Study advises against service sharing for northern Tasmanian councils
August 7, 2017
A study by KPMG of the potential benefits for a group of eight northern councils of sharing the provision of services has concluded that general whole of region services would be difficult to implement, but a move to common technology platforms could deliver efficiencies.
The eight councils covered by the study are West Tamar Council, George Town Council, Dorset Council, Break O’Day Council, Northern Midlands Council, Meander Valley Council, Flinders Council and Launceston City Council.
Launceston is by far the largest with a population and staffing level that is almost that of the other seven councils combined.

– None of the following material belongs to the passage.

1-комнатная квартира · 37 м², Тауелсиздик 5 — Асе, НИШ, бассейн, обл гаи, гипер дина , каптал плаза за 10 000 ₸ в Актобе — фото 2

The group of councils are facing growing pressures due to higher levels of economic and social disadvantage with an ageing population profile in excess of the Tasmanian median and with five of the eight councils forecast to have a population decline by 2030.
The study found that while the councils had much in common, there were differences that would make the provision of many whole of region services difficult.

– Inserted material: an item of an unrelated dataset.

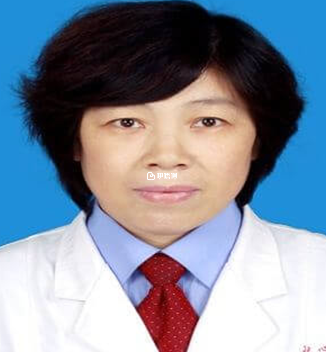李玲醫生證件照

It found that more complex shared service models, involving the formation of a separate, jointly owned entity, or centralised service delivery with one council (most logically Launceston), would not be attractive from financial, political and operational perspectives, due to the range of systems and processes that would need to be migrated and the disruption that would follow.
The study concluded that a more sustainable pathway for the region was ongoing and incremental resource sharing at sub-regional levels, along with some whole of region initiatives including joint contracting for selected services and migration to a single information management platform, is a more sustainable pathway for the region to adopt.
The immediate opportunity is a move to common technology platforms (specifically networks, infrastructure and applications) drive harmonisation of business processes and deliver ‘back office’ efficiency gains that can be reinvested into community facing services.
The study suggested that the Northern Councils could be informed by the Common Services Model, adopted by Brighton and its partnering councils.